Telaprevir and boceprevir have not only boosted cure rates when added to interferon and ribavirin, but other DAA combinations have been proven to cure a certain segment of patients without interferon. Although the percentage is relatively low, about 30% in certain patients, newer studies have shown rates approaching 100% with multi-drug, alloral, interferon free regimens. Though the data remains preliminary and the drugs are not yet FDA approved, Dr. Brown explains that the ability to cure patients without interferon represents a very important advance that holds great promise. He believes that it is only a matter of time before effective interferon-free therapy will be available in wider groups of patients. This will be very important, given interferon's substantial side effects: flu-like symptoms, decreased blood counts, worsening of depression, and in patients with advanced liver disease, an association with liver failure.

Trials of interferon-free regimens are currently underway at the Center for Liver Disease and Transplantation. In addition to their potential to yield new therapies for patients with hepatitis C, they may also improve the options available for patients with the virus who undergo liver transplantation for liver cancer. In the past, it has been shown that 12 weeks of interferon-based therapy followed by liver transplantation would cure up to 80% of patients of hepatitis C. The problem was that most patients could not tolerate the pretransplant interferon therapy. At this time, preliminary data suggest that most people can tolerate one of the new drugs, GS7977, and that it can suppress hepatitis C to undetectable levels in most patients. Studies at the Center will see whether the drug is effective in maintaining viral clearance after the transplant.

"These are preliminary studies, but I am very pleased that therapies are being offered to patients who have never before been offered earlier access to new drugs in clinical trials," says Dr. Brown. "In the past, drugs have typically been tested first in the healthiest patients, so it is good to see that patients in the greatest need have access to earlier therapy. So far it appears that the nucleotide class of drugs are well-tolerated, have fewer drug-to-drug interactions, and so if they can cure a substantial number of patients, this will meet an enormous medical need."

Preventing Relapse

Patients are considered cured if they remain free of the hepatitis C virus for six months after therapy is stopped. With triple therapy, the relapse rate is less than 10% within six months. After 6 months, a far smaller number of patients, less than 1%, will undergo a late relapse in the next 5 to 10 years. In patients who do not undergo transplantation, the new drugs clear the hepatitis virus in 80-90% of patients. It is unknown whether that response will be maintained if the liver is removed during transplantation, says Dr. Brown. Studies will need to determine whether patients remain cured of hepatitis long-term after transplant surgery.
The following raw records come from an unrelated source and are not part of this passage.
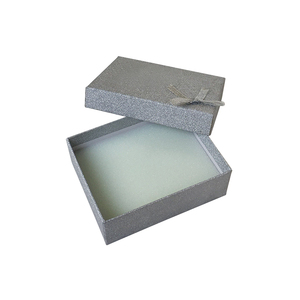 Boîte haut de gamme en carton argenté scintillant avec couvercle et <span class=keywords><strong>base</strong></span>, logo personnalisé, gaufrage, ruban et nœud bronzés, pour la vente au détail et les cadeaux - Product Image 6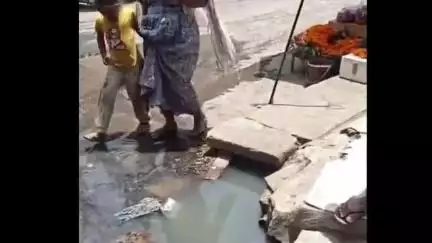 મોરબી: મોરબી શહેરના નાક સમાન નગરદરવાજા ચોક ખાતે ઉભરાતી ભૂગર્ભ ગટરની સમસ્યાથી નાગરિકો હેરાન પરેશાન...
#jansamasya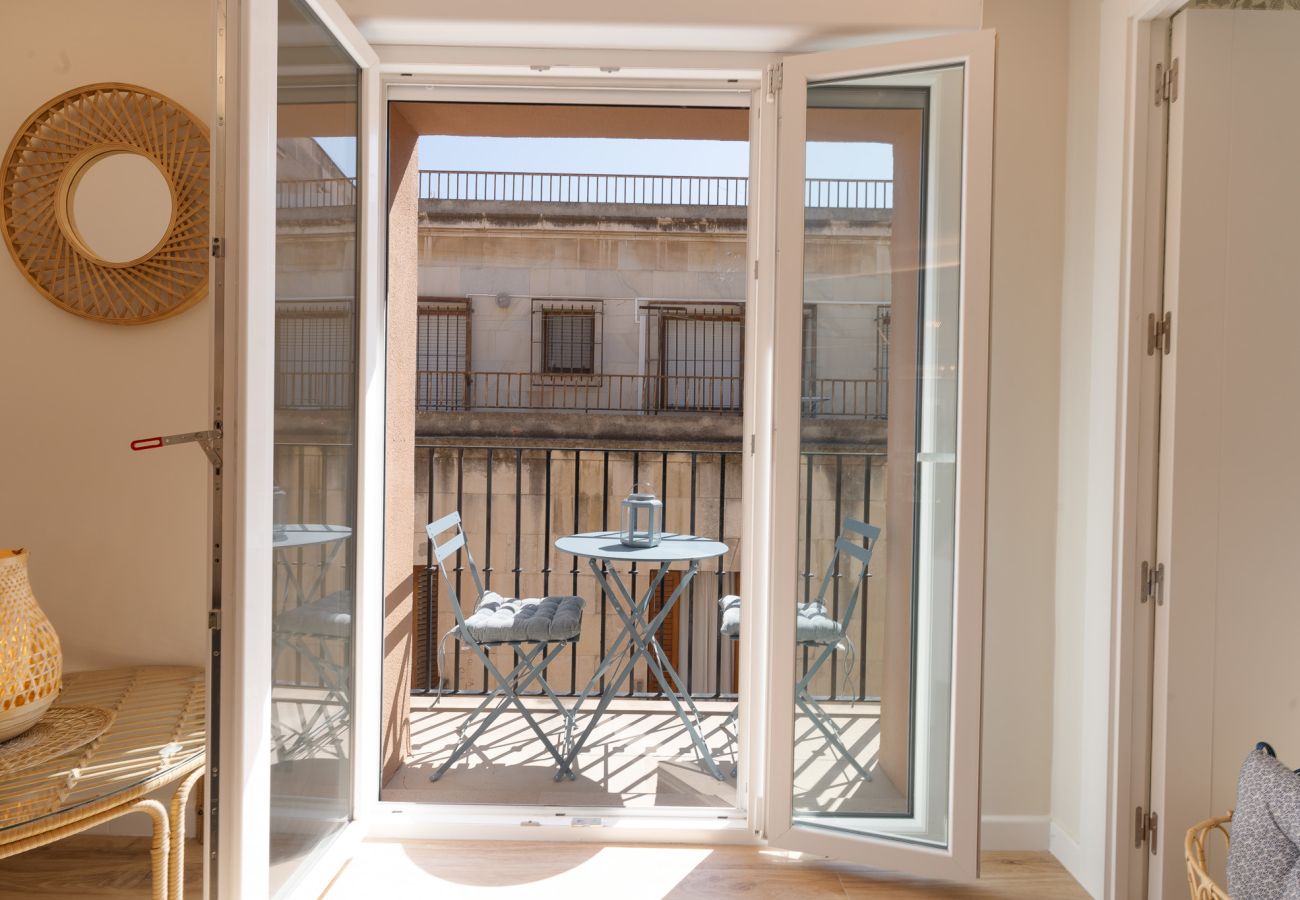 Apartamento en Alicante - Barrio Gem: Stylish 2-Bedroom Oasis in Alicante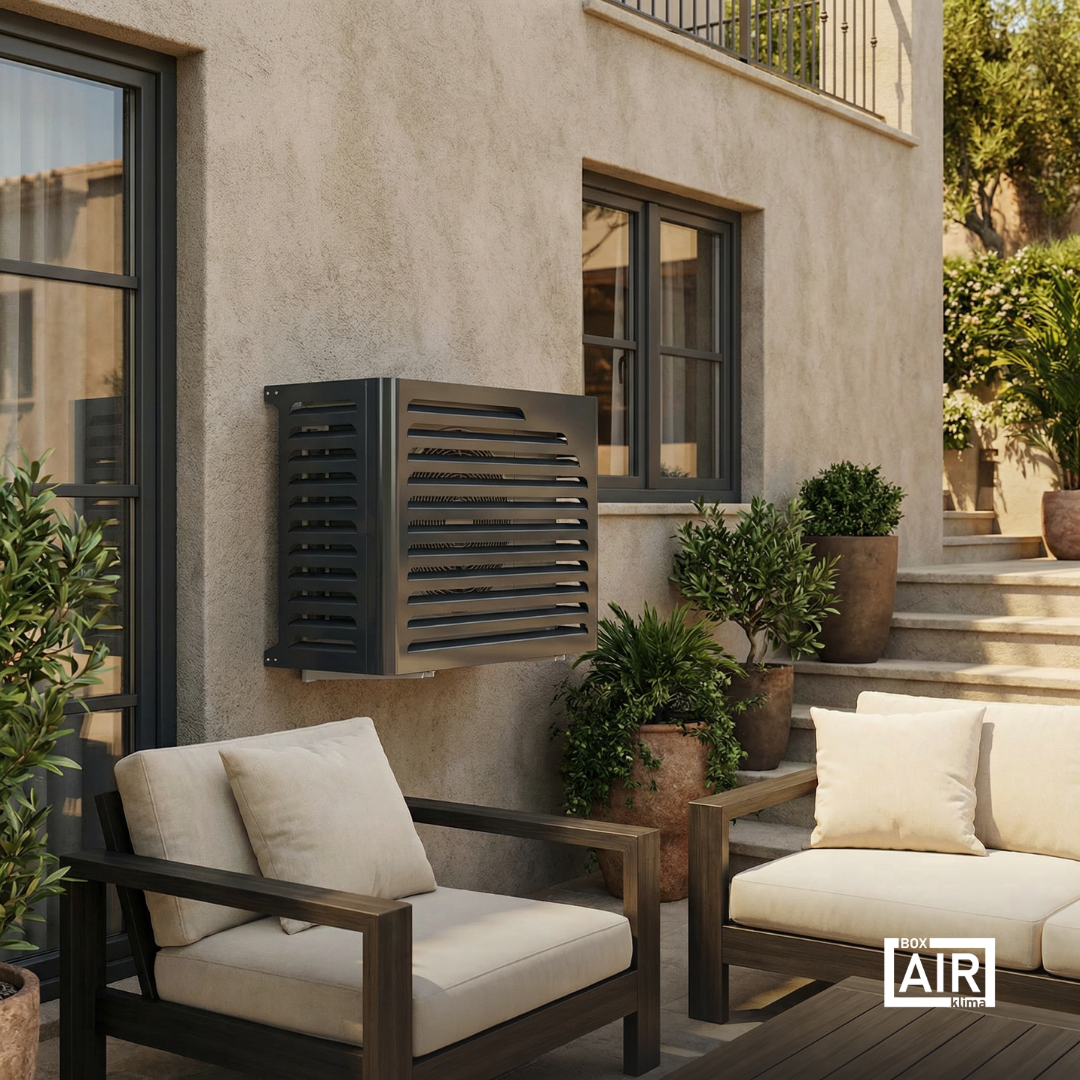 Curve antracite Box Air Klima, copertura resistente per proteggere l’unità esterna da foglie, polvere, salsedine e agenti atmosferici.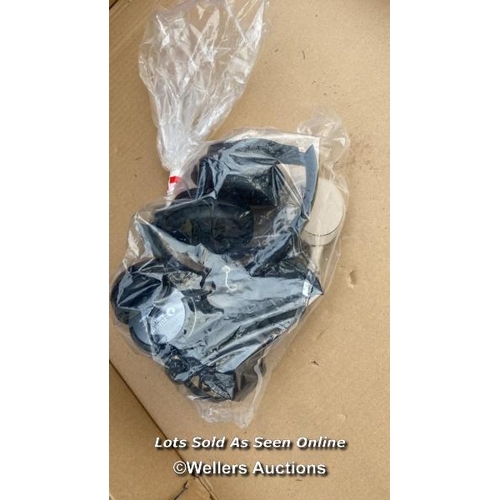 5797 - BAG OF HEADPHONES INC. SONY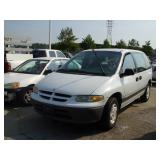 1996 DODGE CARAVAN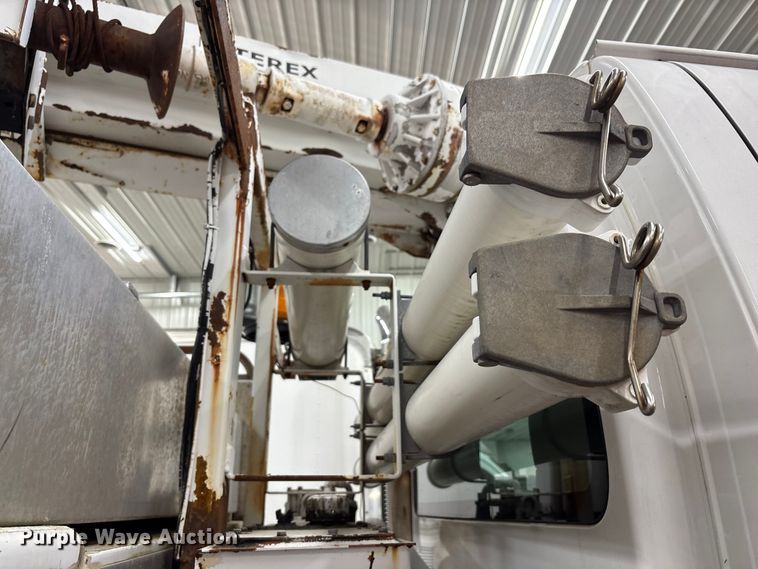 image for item FK1128 2005 GMC C8500 digger derrick truck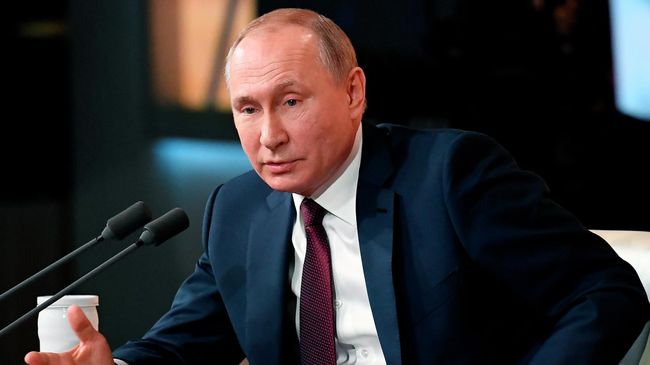 Президент РФ Владимир Путин на ежегодной большой пресс-конференции Президент РФ Владимир Путин на ежегодной большой пресс-конференции
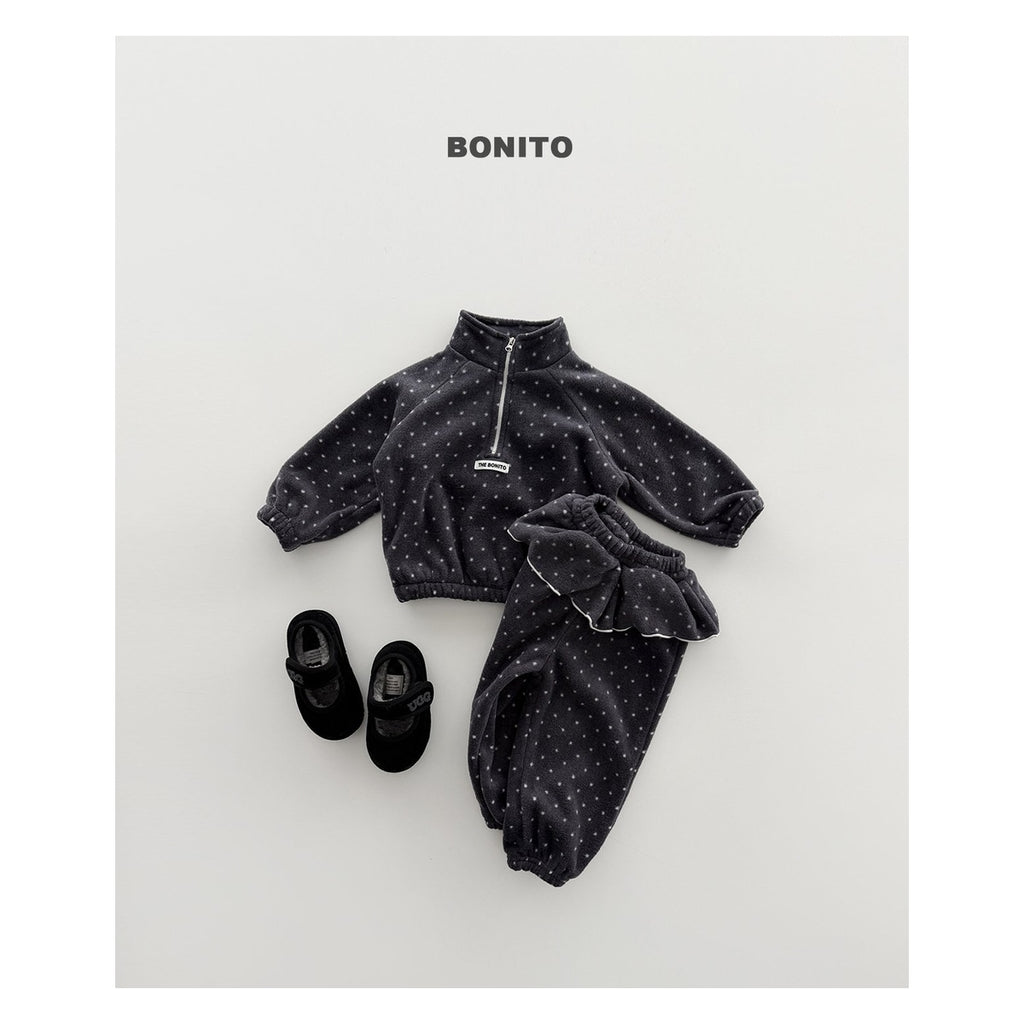 Bonito ドットフリルハーフジップセットアップ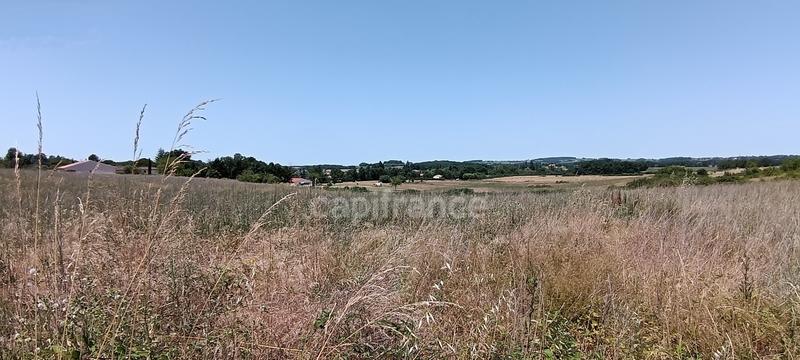 Terrain constructible - 1 800 m²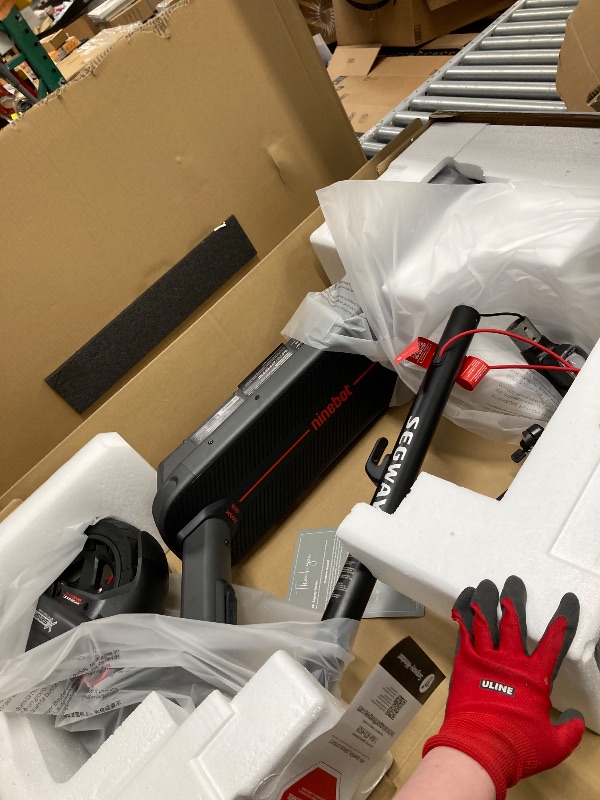 Photo 1 of *Didn't turn on* PARTS ONLY* Segway Ninebot Max G3 Electric Scooter, 28 mph Top Speed w/ 50 Miles Max Range, 2000W Peak Motor, Dual Hydraulic Suspension, Fast Charging Scooter for Adults and Teens, UL-2272 2271 Certified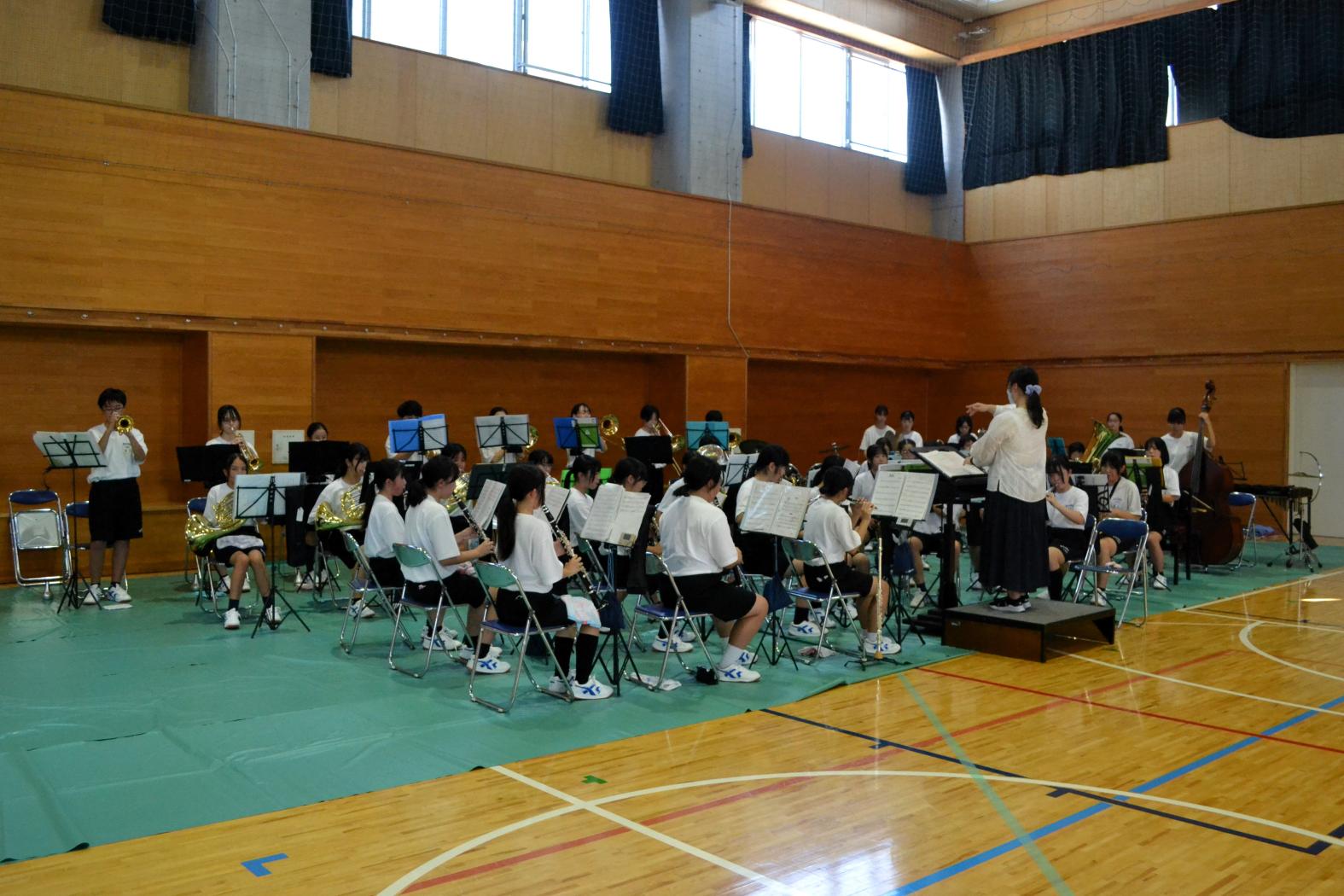 24 校歌の伴奏は吹奏楽部です
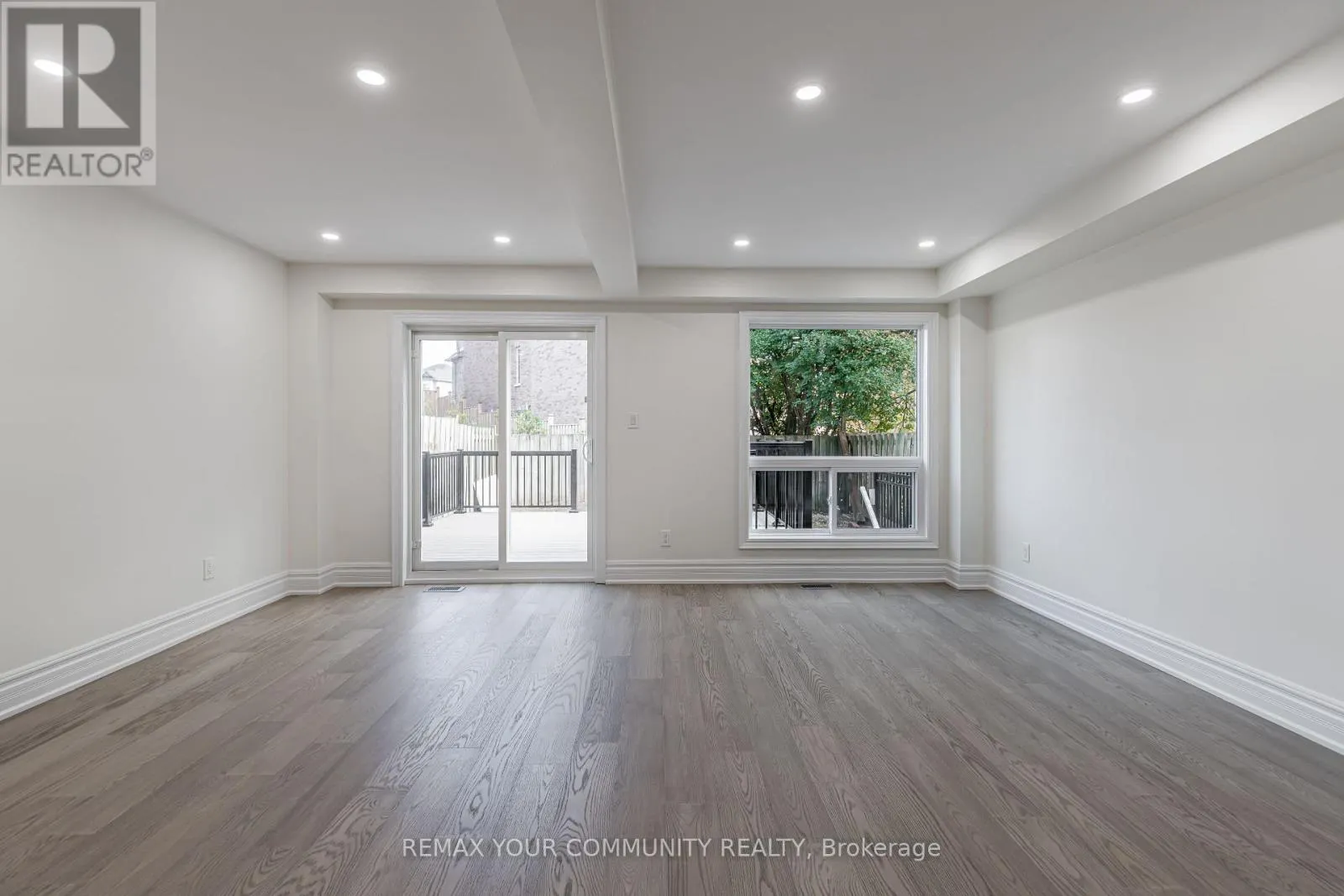 2231 WILDWOOD CRESCENT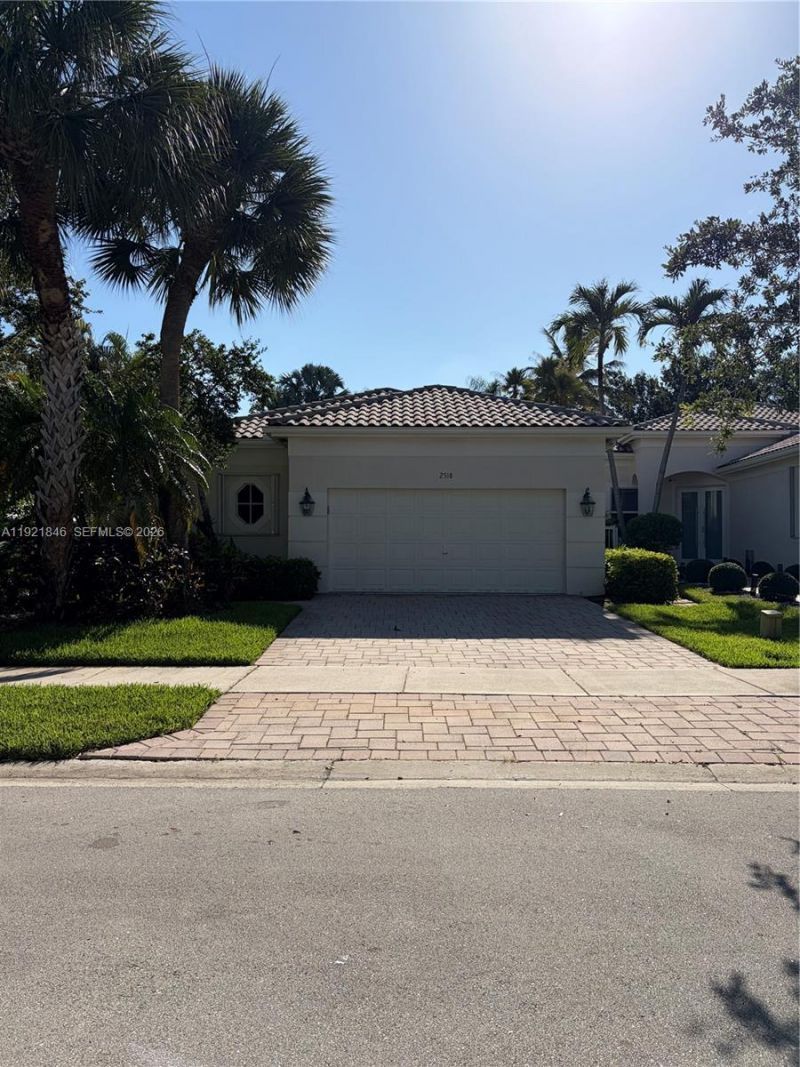 2518 Bay Pointe Ct, Weston, FL 33327 Photo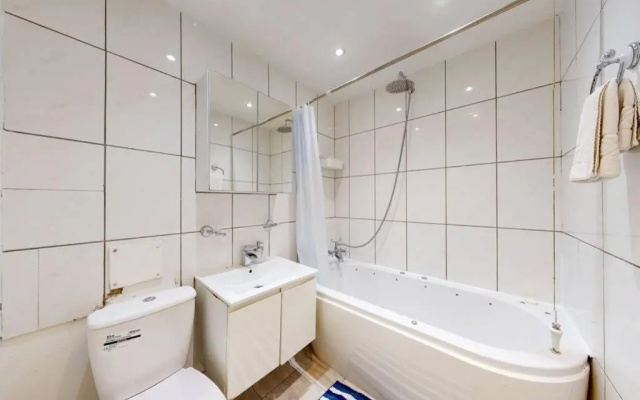 Super 2 Bed House with Privategarden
In summary, Dr. Brown reiterates his optimism about the prospects for the future. "For many years, the question was 'can we' cure hepatitis in all patients. Now, the big question is not whether, but when will we achieve that goal. The addition of new classes of medications means that we are now working to match the right regimens for each class of patients, which includes consideration of cost, in order to cure everyone. Some patients may be able to be treated with simpler regimens while other, more difficult-to-treat patients, may require different regimens or longer treatment times."